Market Street Picture House. — The only thing that misfires in "The Mystery Road" is the sermonette, set out in an introductory caption. The story is certainly complex, but this preliminary moralising on the "road of life and love" tends only to confuse, as well as being quite unnecessary. If it has been inserted to throw one off the scent and so retain a dramatic climax it possibly succeeds, but even so it is wholly superfluous, for once the unfolding of Gerald's indiscretions is fairly begun he would be a bold seer who would prophesy how all was to end. Gerald (Mr.
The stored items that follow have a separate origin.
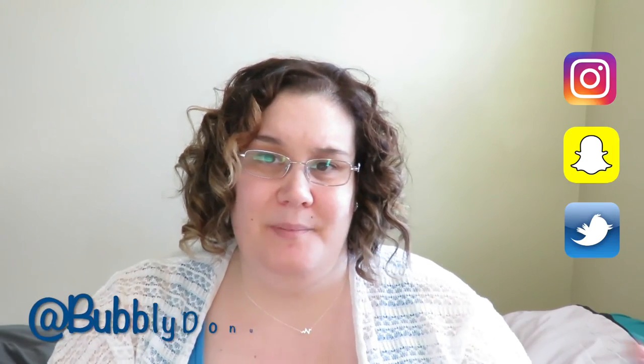I give it 100% a TV Treasure. If you want to see more videos with me, like, subscribe, and leave me a comment down below. Or you can follow me on Instagram, Twitter, and Snapchat at BoagleyDonut23. Thanks for watching. Bye!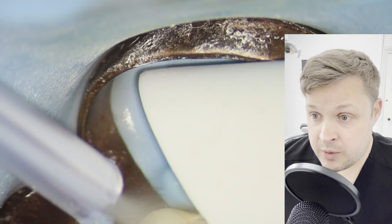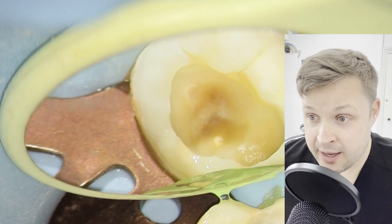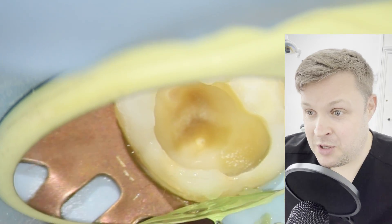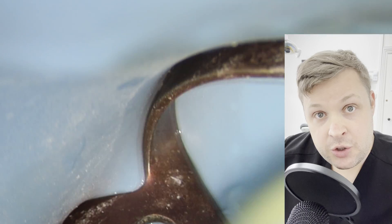Before I do the pulp cap, I like to etch first. I'm being super careful with the etch because sometimes using it can expose the nerve. The great thing about the etch is it really cleans up the whole cavity and it looks really nice.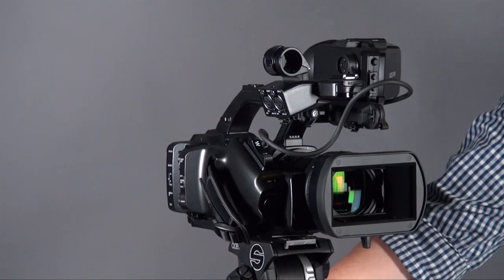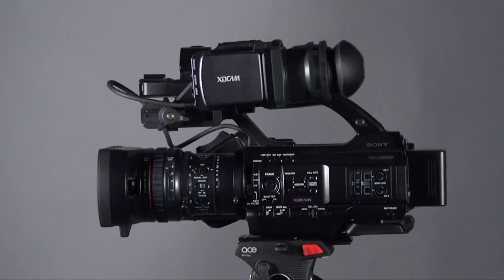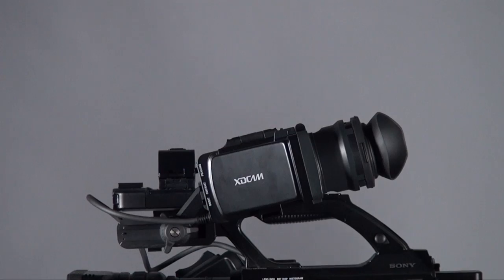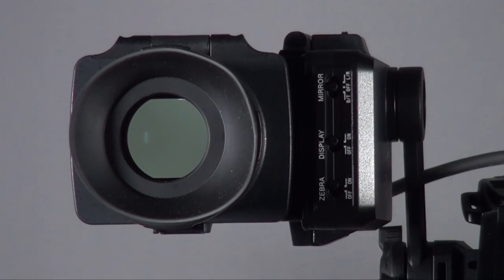The other thing is you will see the whole camera has become much slimmer than the EX3. So when you're doing handheld, it's actually much easier to control than the EX3. And I think the biggest difference is the viewfinder. A lot of people complain about the EX3 — the mounting control seems a little bit too flimsy, and it's quite easy to get broken.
David Powell) first has a rather "purple" love affair on the cliffs overlooking Beachy Head lighthouse, all of which he confesses when he proposes to and is accepted by Lady Susan (Miss Mary Glynne). Travelling to Nice, however. he lays the foundations of a fresh romance with a French maiden; there follows a further violent interlude with the Eastbourne lady (Miss Ruby Millar), who is now a Riviera "butterfly"; and then, his last cheque written out to meet gaming losses, Gerald Tesists a suicidal impulse, clasps his French protégée to a crumpled dress shirt, and proclaims that happiness and respectability are his at last. But what of the moral? By all the recognised rules of the game — and keeping that sermonette in mind — Lady Susan surely should have saved Gerald from himself in that moonlit garden, with the lights of Monte Carlo twinkling wickedly in the distance. Her virtue and constancy are, however, not wholly unrewarded. She gets a titled husband who loses neither purse to the baccarat sharks nor heart to the demi-monde. The production is lavish to a degree, and a tribute to British kinematography. The scenes in the Grand Cafe Méditerranée and on the Promenade des Anglais are riotously luxurious, while there is a quieter, more healthy charm in the roadside incidents during the motor journey through the Rhone Valley; the typical estaminet, the gesticulative aubergiste, and the picturesque humdrum, rather squalid French village life.

N. J. N. D.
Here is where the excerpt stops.